Available data:
Start of Block

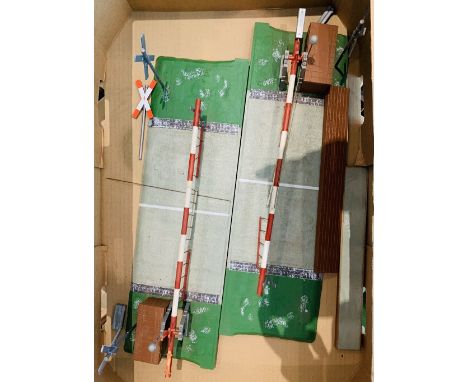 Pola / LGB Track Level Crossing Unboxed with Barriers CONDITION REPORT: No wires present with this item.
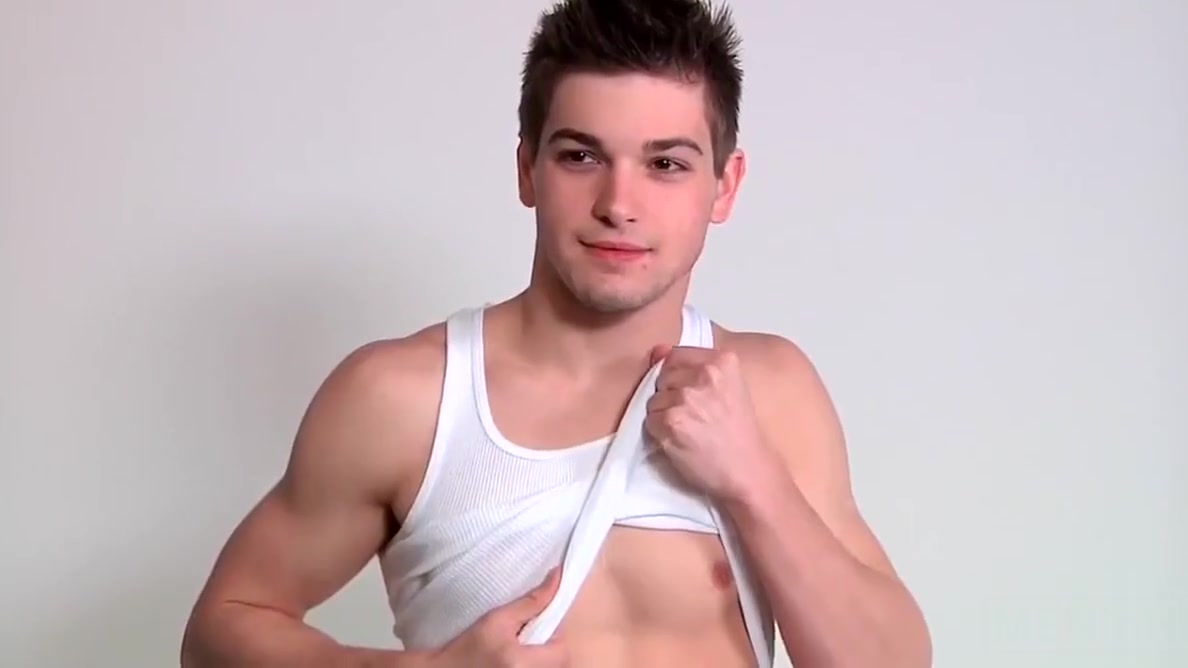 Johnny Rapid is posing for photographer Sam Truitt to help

End of Block
Start of Block

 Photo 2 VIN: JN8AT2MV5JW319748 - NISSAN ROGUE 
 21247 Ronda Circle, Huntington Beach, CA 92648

End of Block

Work to complete: Write out, word for word, the stretch of entries that begins at the line with "Pola / LGB Track" and ends at the line with "Johnny Rapid is". Pictures do not belong in it.

Response to this task:
 Pola / LGB Track Level Crossing Unboxed with Barriers CONDITION REPORT: No wires present with this item.
 Johnny Rapid is posing for photographer Sam Truitt to help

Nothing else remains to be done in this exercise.